AIM OF THE TASK
From top to bottom, retype the data exactly, passing over any picture.

DATASET SECTION
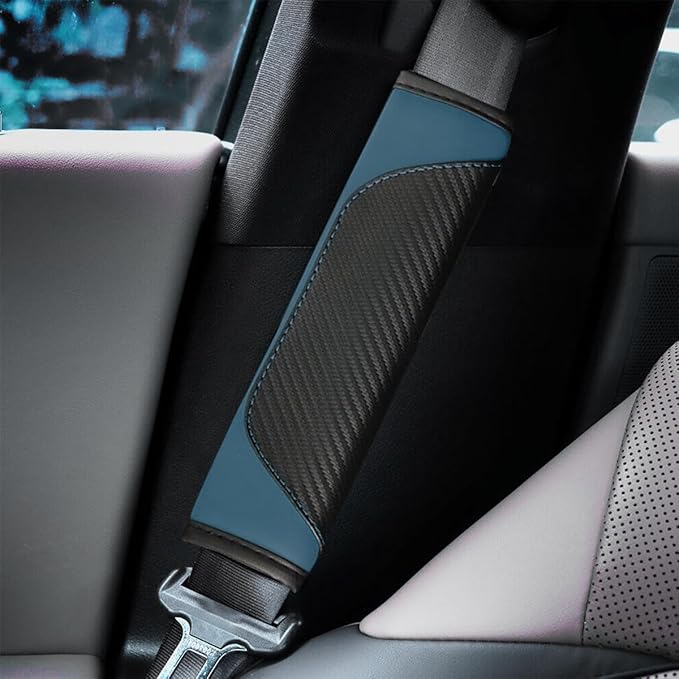 2PCS Car Seat Belt Cover, Carbon Fiber Seatbelt Shoulder Protection, Soft Car Seat Belt Strap Cushion Protect Your Neck and Shoulder, Car Accessories Seat Belt Pad for Car Truck (Dark Green)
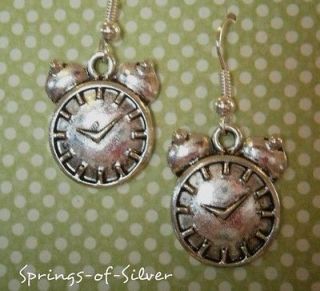   Antique Look Time Clock New W Tags Silver Dangle Earrings SOS Jewelry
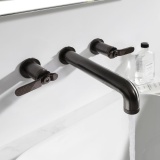 Photo Of Crosswater Union Brushed Black Chrome Wall Mounted Basin Mixer With Lever Handles - Lifestyle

EXERCISE ANSWER
 2PCS Car Seat Belt Cover, Carbon Fiber Seatbelt Shoulder Protection, Soft Car Seat Belt Strap Cushion Protect Your Neck and Shoulder, Car Accessories Seat Belt Pad for Car Truck (Dark Green)
   Antique Look Time Clock New W Tags Silver Dangle Earrings SOS Jewelry
 Photo Of Crosswater Union Brushed Black Chrome Wall Mounted Basin Mixer With Lever Handles - Lifestyle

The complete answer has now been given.